Mas, certamente como ocorre a todos os seres, tropeço no tapete da sala, mal me agarro aos móveis e me estatelo no chão do cotidiano. Como ocorre a milhões de seres, humana e ridícula, adio as urgências, tranco os sentimentos num cofre e, mesmo que sabendo impossível, vou.
No entanto, no meio do prosaico que me cerca, uma felicidade nasce. Áspera, dura como a ponta de um alfinete agudo, dolorida como qualquer corte inesperado, eis a felicidade a que faço jus. Faço? Acho que sim. Costumo carregá-la na bolsa, embrulhada em papel de seda, escondida das demais pessoas, egoísta que sou. Às vezes, ela nem tem corpo: é só música que descubro nos sons amontoados dos violinos; às vezes, ela é um olhar que guardei de lembrança, castor que sou colecionadora de tantas coisas que jamais me servirão outra vez, passado aquele instante.
Tento jogar fora as mágoas que me possuem, umas tão fundas que me perseguirão a vida inteira, mas elas retornam cegas e tateantes dentro do meu peito, aninham-se de qualquer jeito, sem papel de seda que lhes dê nova forma. Mágoas são doloridas demais para serem arrancadas assim, a sangue frio…
Por isso, penso nas felicidades pequeninas, por isso as carrego na bolsa, com medo de que partam inesperadamente.
Não queria dizer, mas coleciono felicidades pequeninas: cheiros, sons, toques, palavras escritas e ouvidas, mas felicidades.
E eis aqui a diferença entre o que é mágoa e o que é felicidade: as mágoas nos possuem, somos delas reféns indefesos, espelhos onde se espelham e nos espelham por isso mesmo; as felicidades, não: nós somos possuidores delas e, ainda que imperfeitas ou inacabadas, elas são apenas nossas, por isso mesmo são para sempre.
Não discuto aqui o que é ser feliz. Para muitos, ser feliz é enxergar pela fresta do cotidiano; para outros é estar neste cotidiano de mil faces e ter apenas uma fresta por onde se pode enxergar o mundo, ainda que distante, inacabado e impossível.
Sei que o mundo é grande, que há secura no ar, que se matam crianças no mundo. Sei que há poucas esperanças, que muitos morrem de fome em Canaã, desertos do mundo e dos corações humanos. Sei que há no mundo a indiferença, atributo terrível entre todos os atributos.
Para uns, felicidade é atingir o peito do outro com uma rajada de balas e, depois, sair da frente do morto dizendo que ele pediu para ser atirado, que vinha tão desarmado, o que queria, então?
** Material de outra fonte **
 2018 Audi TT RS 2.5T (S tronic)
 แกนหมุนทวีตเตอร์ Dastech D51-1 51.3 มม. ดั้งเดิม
Mas sei também, para o sossego do meu coração, que no mundo há mãos que cuidam das feridas dos outros e que, para essas mãos, isso também se chama felicidade.
Sei de muitas coisas que nem nome têm, mas se confundem com menosprezo, desafeto, indiferença.
Mas todos os dias, pela madrugada, antes que o sol nasça, eu me levanto para o trabalho, limpo e embrulho em papel de seda as minhas felicidades. Uma delas é saber que estou no mundo que é feito do avesso e do direito, que brilha e faz doer. Um mundo cheio de paradoxos, mas único. E é nessa hora que canto, baixinho, plena.
Canto às vezes para que ninguém me escute.
Canto o avesso e o direito, a vida que, sábia, ensina caminhos novos, que faz nascer a gaivota e permite que venham à luz o foguete, o míssil, a bomba, mas , diante de todas as iniqüidades e desatinos, nos faz ver na gaivota o milagre sutil de quem ainda tem asas para voar.